The Coverage class should be used when you have lots of images, but only a small fraction from certain regimes/labels.

What you will need

1. Image classification dataset.

2. Autoencoder trained on image classification dataset for dimension reduction (e.g. through the AETrainer class).

Setting up

Let’s import the required libraries needed to set up a minimal working example

import math

import matplotlib.pyplot as plt  # type: ignore
import numpy as np
import torch
import torch.nn as nn
import torchvision as tv
import torchvision.transforms as transforms
from sklearn.manifold import TSNE  # type: ignore

from dataeval.metrics import Coverage

# We train a 10-d autoencoder on MNIST data for 1000 epochs with batch size 128
num_epochs = 1000
batch_size = 128

# Set seeds
torch.manual_seed(14)

# MNIST with mean 0 unit variance
transform = transforms.Compose([transforms.ToTensor(), transforms.Normalize((0.1307,), (0.3081,))])
trainset = tv.datasets.MNIST(root="./data", train=True, download=True, transform=transform)
trainset = torch.utils.data.Subset(trainset, range(2000))
dataloader = torch.utils.data.DataLoader(trainset, batch_size=batch_size, shuffle=True, num_workers=4)

In this tutorial, we will use an autoencoder to reduce the dimension of the MNIST images.

# Define model architecture
class Autoencoder(nn.Module):
    def __init__(self):
        super().__init__()
        self.encoder = nn.Sequential(
            # 28 x 28
            nn.Conv2d(1, 4, kernel_size=5),
            # 4 x 24 x 24
            nn.ReLU(True),
            nn.Conv2d(4, 8, kernel_size=5),
            nn.ReLU(True),
            # 8 x 20 x 20 = 3200
            nn.Flatten(),
            nn.Linear(3200, 10),
            # 10
            nn.Sigmoid(),
        )
        self.decoder = nn.Sequential(
            # 10
            nn.Linear(10, 400),
            # 400
            nn.ReLU(True),
            nn.Linear(400, 4000),
            # 4000
            nn.ReLU(True),
            nn.Unflatten(1, (10, 20, 20)),
            # 10 x 20 x 20
            nn.ConvTranspose2d(10, 10, kernel_size=5),
            # 24 x 24
            nn.ConvTranspose2d(10, 1, kernel_size=5),
            # 28 x 28
            nn.Sigmoid(),
        )

    def forward(self, x):
        x = self.encoder(x)
        x = self.decoder(x)
        return x

    def encode(self, x):
        x = self.encoder(x)
        return x

For computational reasons, we will simply load the trained autoencoder. See the AETrainer Tutorial for more information on how to train an autoencoder.

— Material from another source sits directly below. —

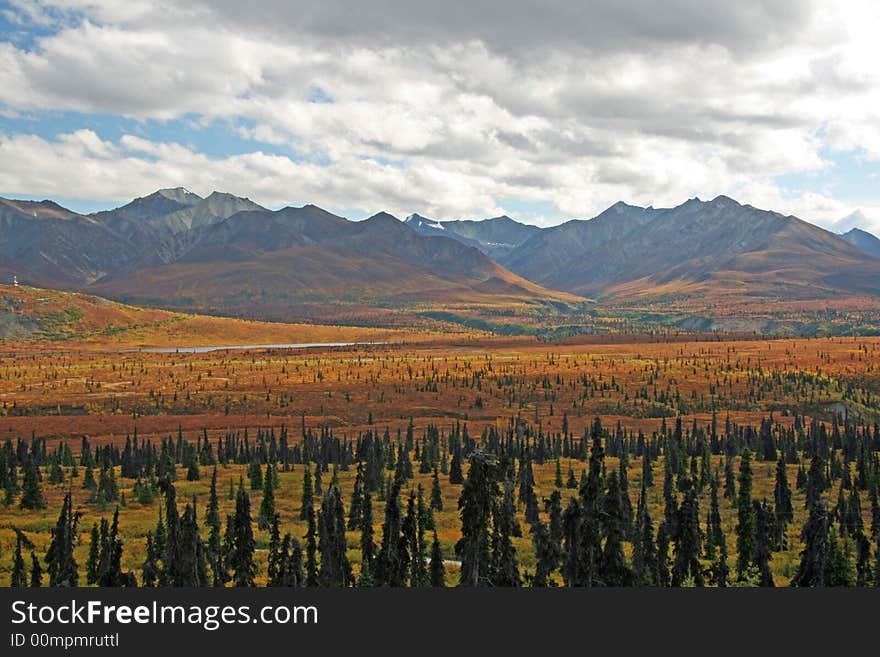 Alaska mountians in north country. Alaska mountians in north country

sd = torch.load("./models/ae")
model = Autoencoder()
model.load_state_dict(sd)

<All keys matched successfully>

# Get images to predict on and predict
pred = [trainset[i][0] for i in range(2000)]
label = np.array([trainset[i][1] for i in range(2000)])
mod_preds = model.encode(torch.stack(pred)).detach().numpy()

To visualize the encodings, we will use TSNE on them to view separation.

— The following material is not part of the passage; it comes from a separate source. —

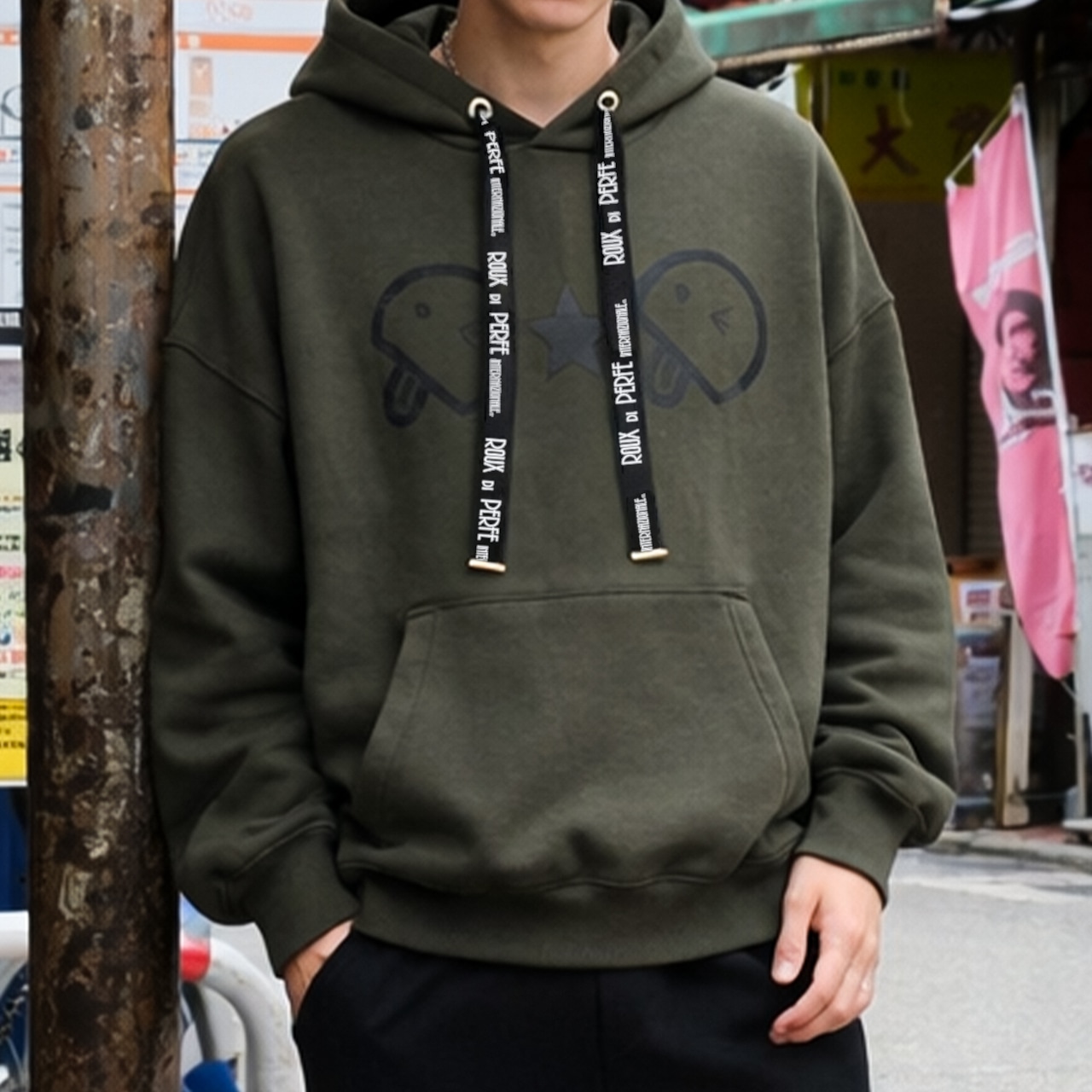 ロゴ紐ベーマークパーカー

# Visualize 10d as 2d with TSNE
tsne = TSNE(n_components=2)
red_dim = tsne.fit_transform(mod_preds)

# Plot results with color being label
fig, ax = plt.subplots()
scatter = ax.scatter(
    x=red_dim[:, 0],
    y=red_dim[:, 1],
    c=label,
    label=label,
)
ax.legend(*scatter.legend_elements(), loc="upper right", ncols=2)
plt.show()

Some good separation, but you can see a few images in the “gaps”. This could be an artifact of dimension reduction, or suggest that we have poor coverage for some covariates.

# Way to calculate data-agnostic radius (probably don't want to do this)
k = 20
n = 2000
d = 10
rho = (1 / math.sqrt(math.pi)) * ((4 * 20 * math.gamma(d / 2 + 1)) / (n)) ** (1 / d)

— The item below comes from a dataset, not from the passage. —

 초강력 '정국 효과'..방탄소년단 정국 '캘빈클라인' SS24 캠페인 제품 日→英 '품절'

# Way to calculate data-adaptive radius (most extreme 1% are uncovered)
percent = 0.01
cutoff = int(n * percent)

# Use data adaptive cutoff
metric = Coverage("adaptive")
res = metric.evaluate(mod_preds)

# Plot the least covered 0.5%
f, axs = plt.subplots(4, 4)
axs = axs.flatten()
for count, i in enumerate(axs):
    i.imshow(np.squeeze(pred[res[0][count]].numpy()), cmap="gray")

The Coverage tool identified that in this set of 2000 images, there is potential under-coverage when it comes to wonky/ crossed 7s. Other digits have some undercovered instances, but could be they are just outliers. More investigation into outlier status is needed. See ClustererTutorial for more info.